A few months ago, I drafted a piece in which I decanted most of my fears as a Queer African living abroad and sent it to one of my friends to read and comment on before I decided whether or not I would post it. After he got back to me, this friend who is also Queer and an African living in China, I decided not to post it giving in to my superstitious belief that my piece would act as an incantation that would summon the same fears I was so desperately trying to banish into reality. The piece itself had been prompted by my shock at the senseless murder of Trans activist Erica Chandra, and my realization of just how many degrees of separation we had had between us.
Days after I learned of her death through social media, I tried sorting through my friend requests on Facebook, and at the very bottom of the list was Chandra. We would have been digitally linked at the very least, by the time she met her untimely and gruesome end were it not for my lack of urgency in responding to Facebook messages and friend requests. This possibility shook me to my core and I did what many of us in the LGBTQIA+ community do when such a tragedy hits too close to home – I thought it could have been me or it wasn’t me this time, and how long will it be before I or someone close to me would be next.

The question was answered when I learned of the death of non-binary Kenyan Lesbian Sheila Lumumba, 25, who was gang-raped and murdered in their home by a total of six men who believed they had a right to violate them in this way because of their sexual orientation. Learning of the chilling details around Lumumba’s final moments on earth resurrected a familiar fear and paranoia in me. Only this time it is different.
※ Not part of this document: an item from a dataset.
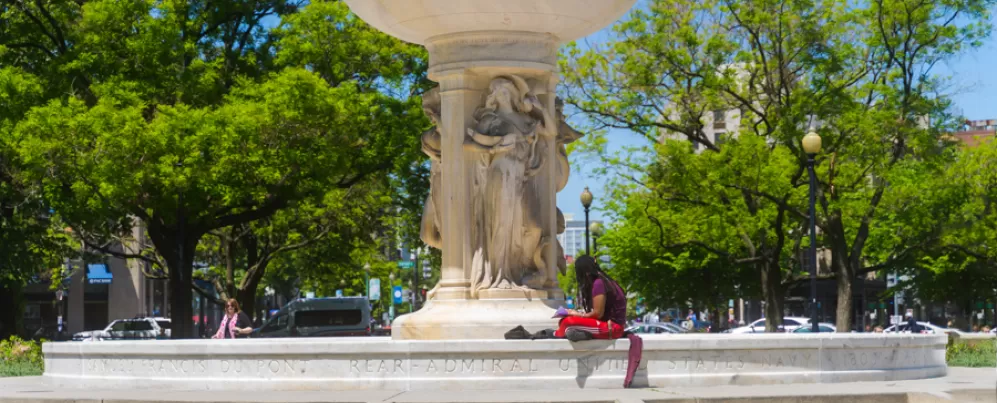 Person, die sich am Dupont Circle Monument entspannt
Growing up, people like me heard that people around us didn’t necessarily have a problem with us, they just didn’t want “it”, meaning our sexuality, to be shoved down their throats. “Keep it behind closed doors” was a common refrain many of us heard, and so many of us did, conforming to societal expectations as best as we could while out and about, reserving our true selves for when we were in the safety of our homes or safe spaces created for and by people like us.
But now even that assurance that once you are out of public view you are indeed safe is no more. That Lumumba was attacked, raped, and murdered in what I imagine to be their sanctuary has taken away any semblance of momentary relief people like me might possess at the thought of returning home after a long day of “acting normal”.
Perspective
Through this darkness, there has, however, been a glimmer of hope. Many Kenyans online have been sharing Lumumba’s tragic story, and a surprising number are calling for justice to be served and for those responsible to be held accountable. Lumumba’s case even received coverage from the BBC, a huge step in highlighting the injustices and perils gender and sexual minorities face in Kenya and other countries across Africa where Gay sex or Homosexuality is illegal and punishable by imprisonment.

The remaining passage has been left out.